Programmiersprachen spielen keine wesentliche Rolle habe ich einst gelernt, es kommt vor allem auf die Qualität der Entwickler an. Diese Aussage stammt aus den frühen 80er Jahren, als Barry Boehm sein „Software Engineering Economics“ veröffentlicht hat. Und tatsächlich kann die beste Programmiersprache der Welt wenig ausrichten, wenn das Team inkompetent ist – und ein kompetentes Team wird auch mit altertümlichen Programmiersprachen noch etwas ausrichten können. Also alles in Butter? Gebt mir eine turingvollständige Sprache und ich wuppe Euch das Projekt? Wohl kaum.

Nur in wenigen Bereichen hat sich so viel in den letzten 25 Jahren verändert, wie bei Programmiersprachen und ihren Entwicklungsumgebungen. In den frühen 80ern hatte man im Wesentlichen noch die Auswahl zwischen C, COBOL, Pascal, PL/I und Assembler und bei den Entwicklungsumgebungen die Wahl zwischen vi, emacs und dem Host-Editor. Heute führen die Unterschiede zwischen den verschiedenen Sprachen und Umgebungen durchaus zu Produktivitätsunterschieden von einer Größenordnung, also um den Faktor 10; beim gleichen Team, wohlgemerkt.

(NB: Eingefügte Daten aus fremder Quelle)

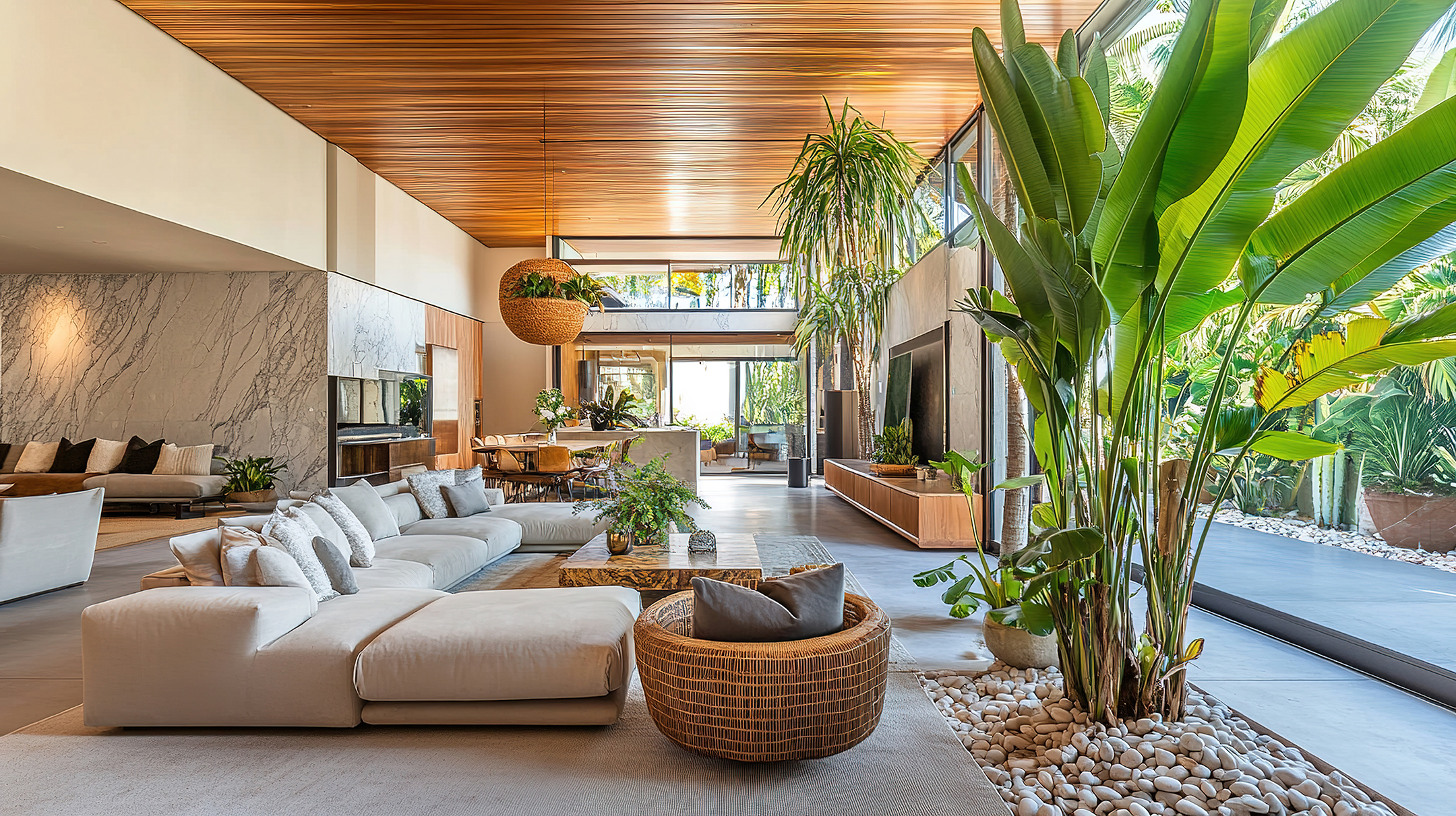 Biophilic Luxury Living Room with Lush Green Details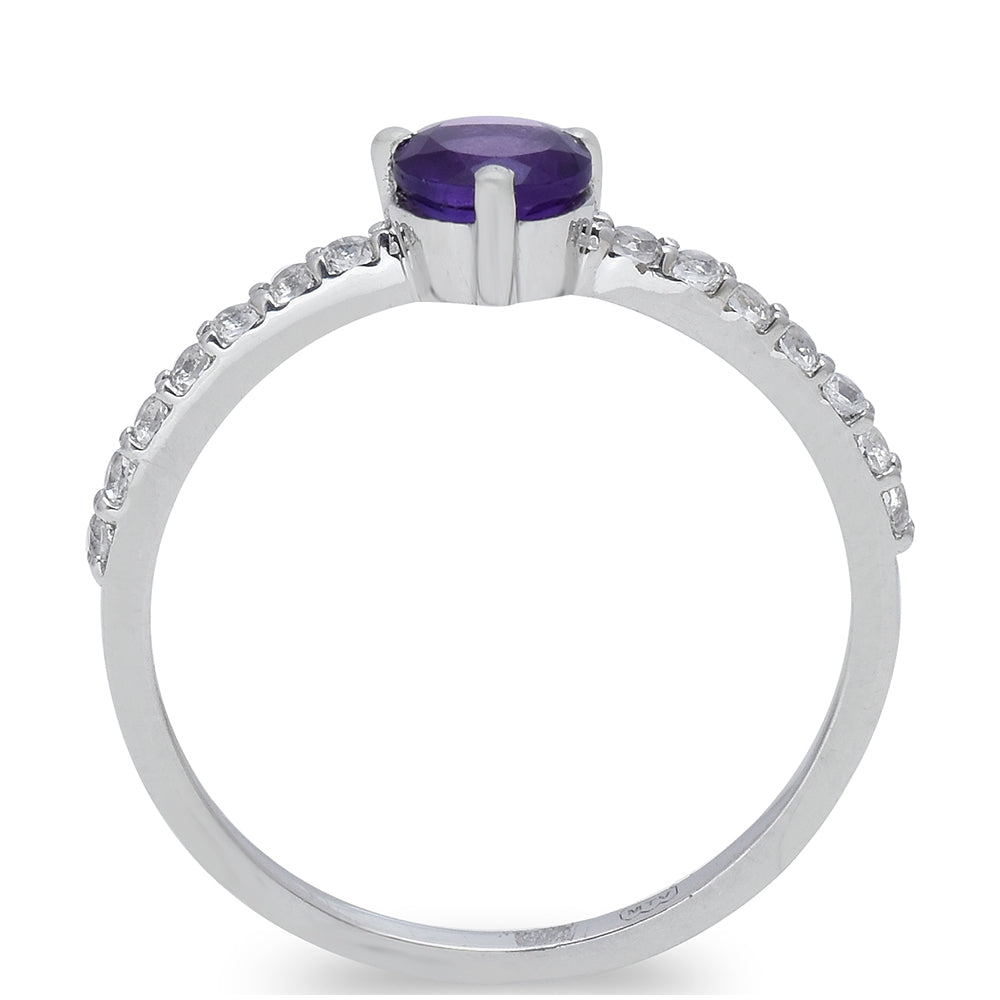 Pozlátený Strieborný Prsteň s Marockým Ametystom a Bielym Topásom 7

Besonders fallen mir diese Unterschiede auf, wenn ich – wie heute einmal wieder – einem Kunden beim Umbauen einer C++ Anwendung helfe. Zur Erinnerung: C++ war der Versuch, dem guten alten C einige Konzepte überzustülpen, die bei flüchtiger Betrachtung als objektorientiert verkauft werden konnten. „Die C-Programmierer müssen dann nicht umlernen“ war die häufigste Begründung für diese Sprache. Ohne das belegen zu können, vermute ich, dass genau dieser Umstand – unreflektierter Einsatz objektorientierter Techniken von Programmierern, die nur in prozeduraler Programmierung ausgebildet sind – zu den häufigsten technischen Gründen für gescheiterte Projekte zählt.